Pencak Silat

Pencak Silat is a martial art that was first practiced in Sumatra after arriving in Indonesia with Indian and Chinese travelers more than 1000 years ago. Today there are hundreds of different forms of Pencak Silat practiced across Indonesia with the various forms jealously protected by the intimates.

One of the newest forms of Pencak Silat is Pencak Silat Nusantara, developed in the late 1960s and early 1970s by Mohamad Djoko Wasposo, Mohamad Hadimulyo and Rachmadi Djok Suwignjo, who sought to open up the esoteric martial art so it would not be lost to younger generations. Pencak Silat is now recognized as a competitive sport within national sports games.
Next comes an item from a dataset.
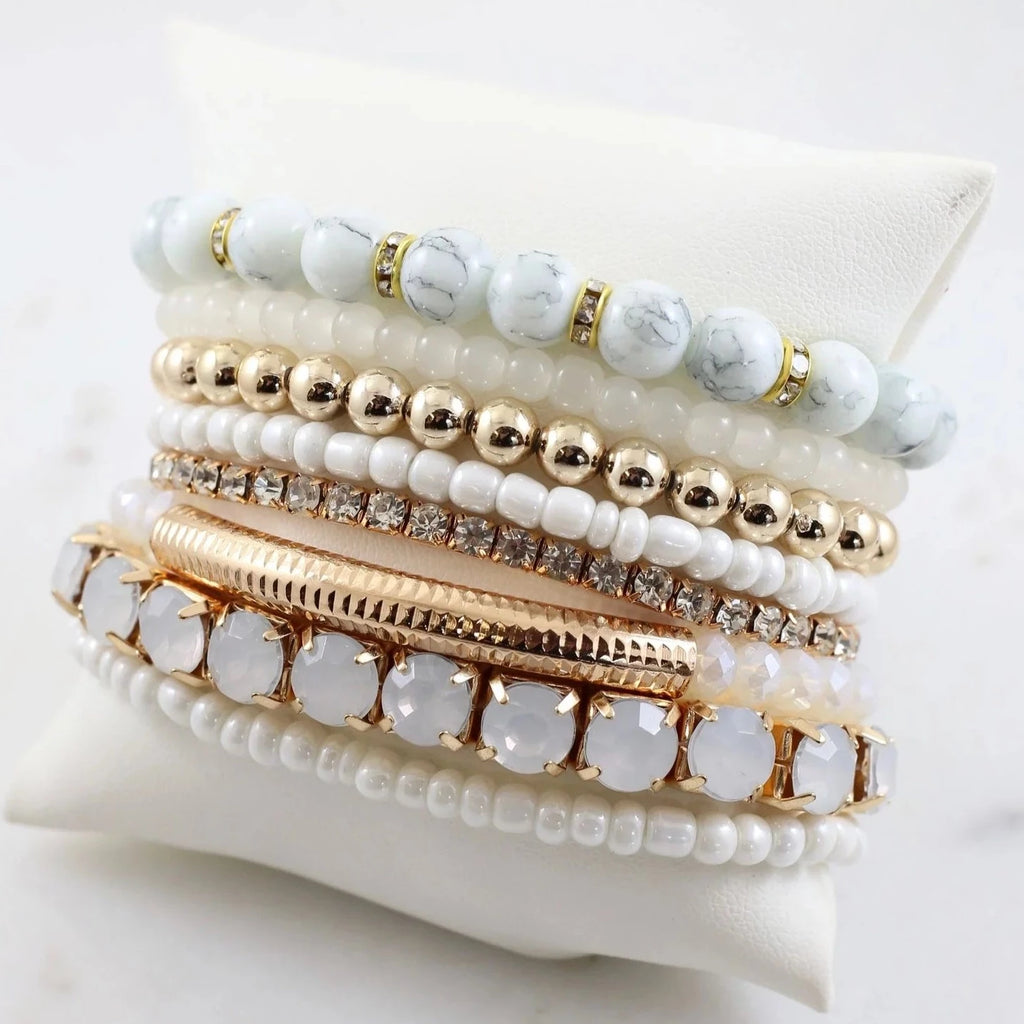 Rosemont Bracelet Set White-Bracelets-Caroline Hill-LouisGeorge Boutique, Women’s Fashion Boutique Located in Trussville, Alabama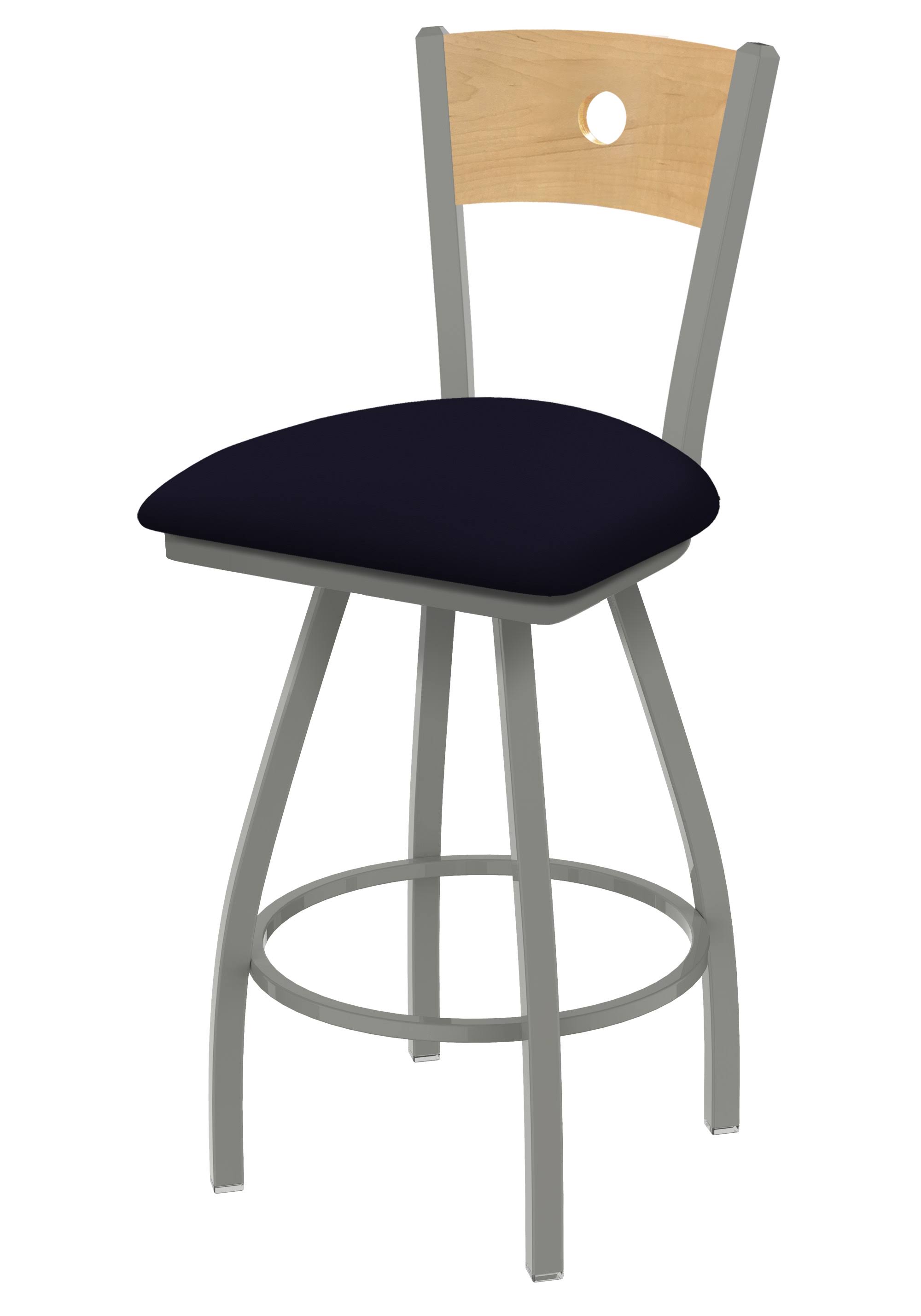 Holland Bar Stool 83036ANNatMplBALDkBl 830 36x22 Voltaire Anodized Nickel Swivel Stool with Natural Maple Back and Allante Dark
According to Melbourne-based Pencak Silat teacher Ronnie Takdare, the name comes from pencak (the physical) and silat (the movements of the mind); a combination of yoga and meditation that “trains the five senses”. He says there are three main forms of Pencak Silat:

Ilmu Beladiri or the standard form of Pencak Silat that can be taught to anyone.

Seni Beladiri that is specific to a region, such as Sundanese Silat from West Java or the Balinese form of Silat.

Silat Keluarga that is developed within families and only taught to family members

Like many martial arts, Pencak Silat movements are based on animal movements, such as the movement of a tiger in attack.

One Pencak Silat legend says the martial art was developed by a woman who watched tigers fighting. Absorbed by the fight, she was late home and her husband attacked her. Using what she had learned from the tigers the woman was able to deflect her husband’s blows, defeating him in the fight. Her husband was so impressed by his wife’s newfound skills that the couple teamed up and developed Pencak Silat, teaching it to their children and community.